• **Exercise details**
Below is a set of records; restate each one word for word.

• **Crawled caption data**
-- Opening Marker --
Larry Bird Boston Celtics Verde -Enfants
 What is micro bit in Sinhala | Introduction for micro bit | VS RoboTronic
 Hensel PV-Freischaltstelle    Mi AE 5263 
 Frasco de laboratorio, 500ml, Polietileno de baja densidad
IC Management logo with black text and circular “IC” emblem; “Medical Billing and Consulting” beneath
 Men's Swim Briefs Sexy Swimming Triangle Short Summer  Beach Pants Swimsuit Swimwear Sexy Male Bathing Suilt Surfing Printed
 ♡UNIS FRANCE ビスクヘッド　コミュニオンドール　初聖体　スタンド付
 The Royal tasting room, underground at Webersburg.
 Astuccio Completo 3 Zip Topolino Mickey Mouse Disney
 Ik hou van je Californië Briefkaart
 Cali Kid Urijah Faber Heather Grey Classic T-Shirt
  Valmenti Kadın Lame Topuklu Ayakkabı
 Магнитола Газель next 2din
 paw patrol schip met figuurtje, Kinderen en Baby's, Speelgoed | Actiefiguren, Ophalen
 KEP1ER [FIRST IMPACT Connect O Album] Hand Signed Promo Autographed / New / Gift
-- Closing Marker --
• **Output for this task**
Larry Bird Boston Celtics Verde -Enfants
 What is micro bit in Sinhala | Introduction for micro bit | VS RoboTronic
 Hensel PV-Freischaltstelle    Mi AE 5263 
 Frasco de laboratorio, 500ml, Polietileno de baja densidad
IC Management logo with black text and circular “IC” emblem; “Medical Billing and Consulting” beneath
 Men's Swim Briefs Sexy Swimming Triangle Short Summer  Beach Pants Swimsuit Swimwear Sexy Male Bathing Suilt Surfing Printed
 ♡UNIS FRANCE ビスクヘッド　コミュニオンドール　初聖体　スタンド付
 The Royal tasting room, underground at Webersburg.
 Astuccio Completo 3 Zip Topolino Mickey Mouse Disney
 Ik hou van je Californië Briefkaart
 Cali Kid Urijah Faber Heather Grey Classic T-Shirt
  Valmenti Kadın Lame Topuklu Ayakkabı
 Магнитола Газель next 2din
 paw patrol schip met figuurtje, Kinderen en Baby's, Speelgoed | Actiefiguren, Ophalen
 KEP1ER [FIRST IMPACT Connect O Album] Hand Signed Promo Autographed / New / Gift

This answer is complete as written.